Facebook, which has been attempting to keep anti-vaccination groups out of its recommendations to users, said it will start looking at ways to encourage health-care workers who are sharing the positive news of their shots. “As that trend continues, we’re actively looking for ways to promote and support it,” the company said. It’s also updated a covid-19 information center with vaccine facts.

In first-shot posts that have flooded Instagram, Facebook, TikTok and Twitter, health-care workers have sometimes anticipated the blowback in their choice of language. “I hope to show my family, friends, and patients that the vaccine is safe, effective, and crucial to our lives returning to normal,” tweeted Madeline DiLorenzo, a resident at Boston Medical Center.

“I’m shocked my friends are asking if I’d get the #COVIDVaccine…. HELL YEAH!!” Nasrien Ibrahim, a cardiologist in Boston, said on Instagram. “I’m a clinician and researcher. I believe in science. What do you think happened to polio?”

Even in Facebook groups for medical professionals, the vaccine has sparked intense debate. Kaithlyn Rojas, who works with intubated COVID-19 patients at Highland Hospital in Oakland, California, said she can’t believe what she’s seeing in nursing groups on Facebook.

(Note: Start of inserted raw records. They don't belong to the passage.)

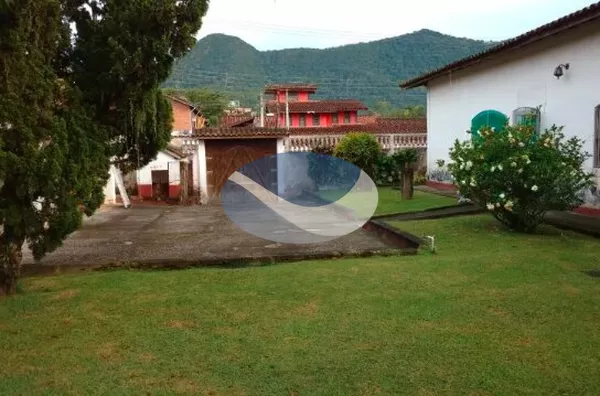 Casa com Terreno Grande - Foto 1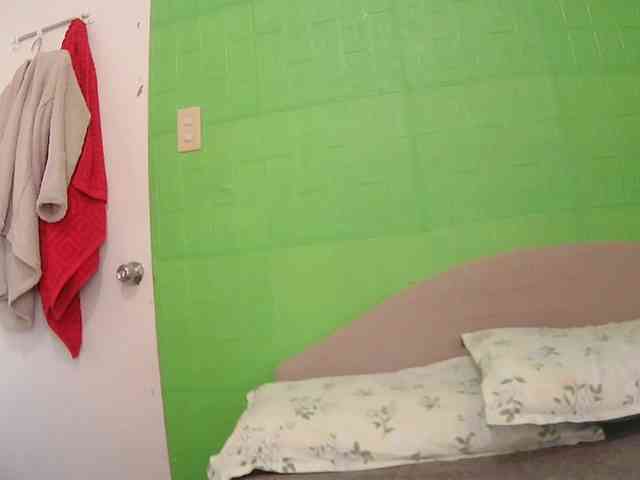 LiveAsiangirl69 webcam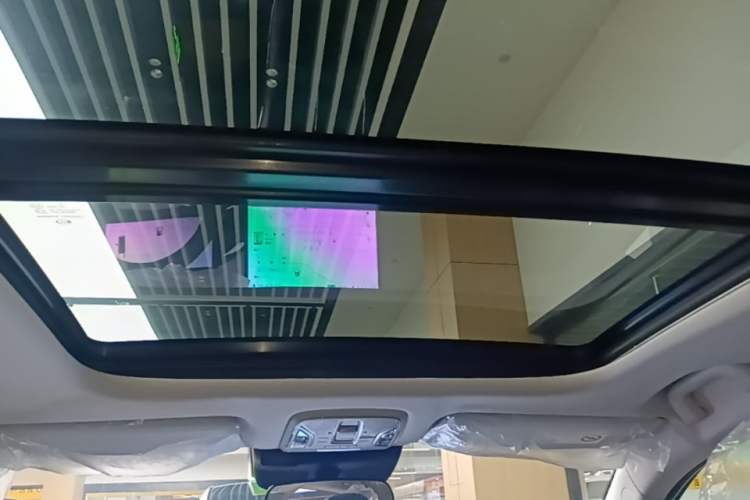 Used AION S MAX 2024 70 Star Edition Headliner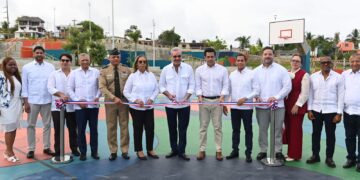 Abinader y Collado inauguran bulevar de la Salud en Haina con inversión de 165 millones de pesos. Destacan impacto que tendrá la obras en la comunidad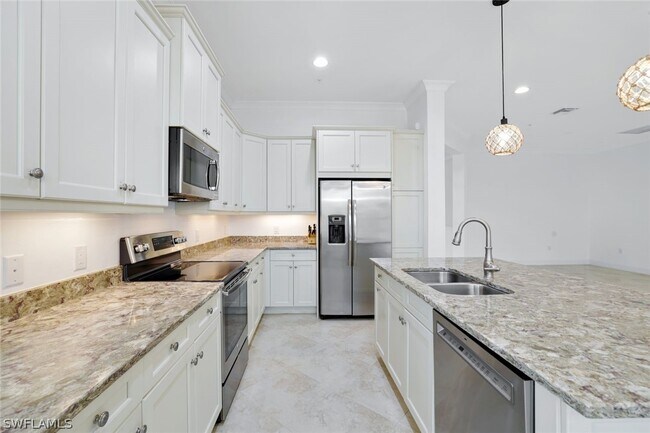 Building Photo - 6549 Dominica Dr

“Someone will comment about a reason they won’t get the vaccine, and there will be a rebuttal, going back and forth between the scientific evidence and rumor,” Rojas said. “There are a lot of opinions out there that are being used or sourced as factual information, just like in the elections we just had.” In an October survey by the American Nurses Federation, 37% of nurses said they weren’t confident the vaccines would be safe and effective.

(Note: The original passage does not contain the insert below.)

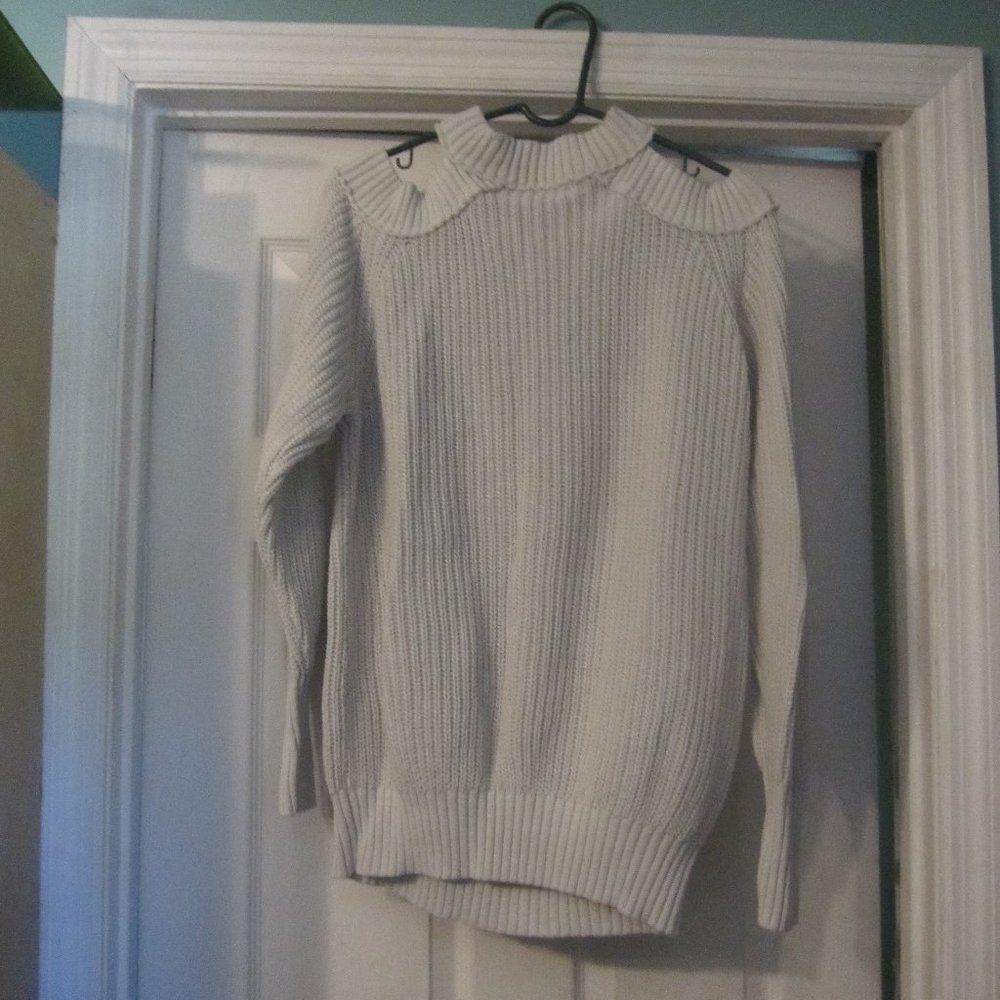 Like New 100% Cotton sweater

The Center for Countering Digital Hate found that the anti-vaccination movement has grown online despite platforms’ efforts to curtail it, thanks to influencers with large followings and strategic attempts by those leaders to recruit vaccine-hesitant people, especially mothers and ethnic minorities. The group asked volunteers to report vaccine misinformation to social media companies in the fall; out of 912 posts flagged as problematic, less than 5% were removed.

The coronavirus vaccine could make it easy for their message to reach a broader audience, Imran Ahmed, CEO of the Center for Countering Digital Hate, said in the group’s recent report. “Anti-vaxxers view the coronavirus vaccine as an opportunity to create long-lasting distrust in the effectiveness, safety, and necessity for vaccination,” he said. “Unless urgent action is taken, they may succeed.”

Ashley Sayles, a pediatric nurse practitioner in Baltimore, said she sees extreme hesitancy around vaccines among mothers, especially in the Black community. She tries to debunk medical misinformation via her Instagram, where she has 25,000 followers. She has chosen not to post yet about the coronavirus vaccine because her patients aren’t eligible to receive it. By the time they can, she’ll have more data to add to the argument.

“I know for a fact I’ll have a hard time convincing families with this COVID vaccine,” she said. “I can barely get them to take the flu shot that’s been around this long.”

Either way, she’s not expecting help from social media companies: “With the way that the algorithms work, if you want to see vaccine skepticism, you’re gonna see it.”